B.C. Premier Christy Clark says the government is ending self regulation for the B.C. real estate industry.
"The real estate sector has had 10 years to get it right on self regulation and they haven't," said Clark at a Vancouver new conference.
Clark said the right to regulate the industry will be taken away from the Real Estate Council of B.C.and put into the hands of a newly established and dedicated superintendent of real estate.
"The point of regulation is to protect people, to protect consumers," she said. "Self regulation is a privilege."
The announcement comes a day after a special advisory group issued a damning report on a decade of self regulation, which recommended several measures, including raising maximum fines for misconduct from $10,000 to $250,000 for agents.
The panel made 28 recommendations aimed at recognising the public interest, but they were not asked to consider independent regulation.
In announcing the move towards an independent regulator, Clark said the plan was part of a series of steps her government will be making towards addressing what has been viewed as a crisis of both affordability and speculation in the real estate market.
She said the hiring process for a new superintendent of real estate has already begun.

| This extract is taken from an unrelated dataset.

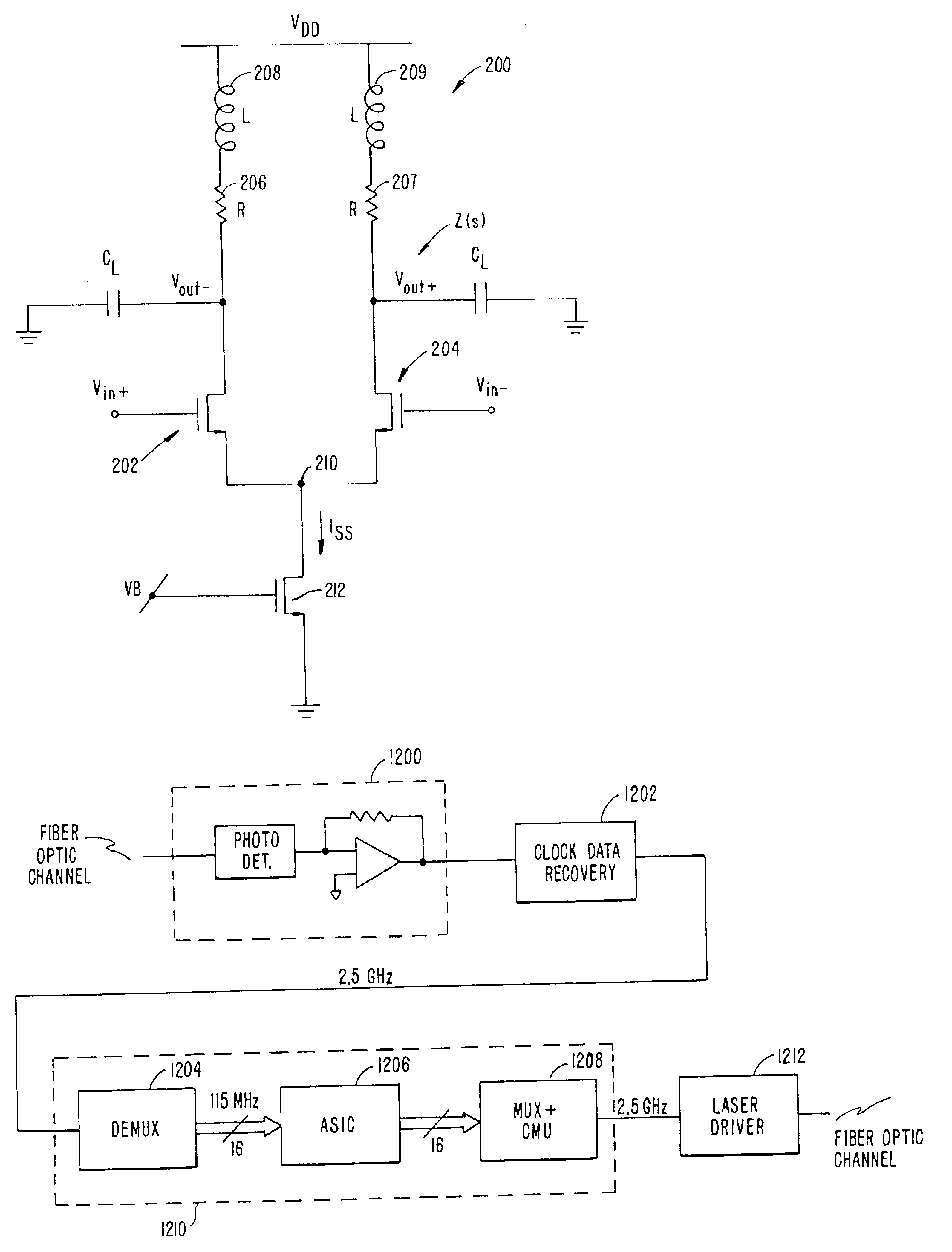 Current-controlled CMOS circuits with inductive broadbanding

The position of Real Estate Superintendent currently exists, but is one of several titles held by the head of the Financial Institutions Commission of B.C.

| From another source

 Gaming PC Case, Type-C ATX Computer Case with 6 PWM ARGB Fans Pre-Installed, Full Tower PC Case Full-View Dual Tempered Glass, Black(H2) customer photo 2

"It is primarily important that we protect consumers," she said. "But the role of the real estate council and regulation is also to protect the vast majority of realtors who are honest, hard working people from having their reputations tarnished by a few shady operators."
Allegations of questionable practices in the industry have been growing in B.C.'s hot market, including those of real estate agents "double-ending" deals in which an agent represents both buyer and seller and reselling or '"shadow flipping" contract assignments without the homeowner's knowledge
Speaking shortly before Clark's announcement, Finance Minister Michael de Jong said the public was right to ask why the industry should still have the right to self-regulate.
The issues of housing supply and real estate regulation promise to be crucial ones with an election looming in B.C. next year.
Clark said the government plans to introduce a number of measures to address both concerns in the coming months, focusing on increasing housing supply, helping first-time home buyers get into the market and "making sure that the dream of home ownership in British Columbia remains in the realm of possibility for the middle class."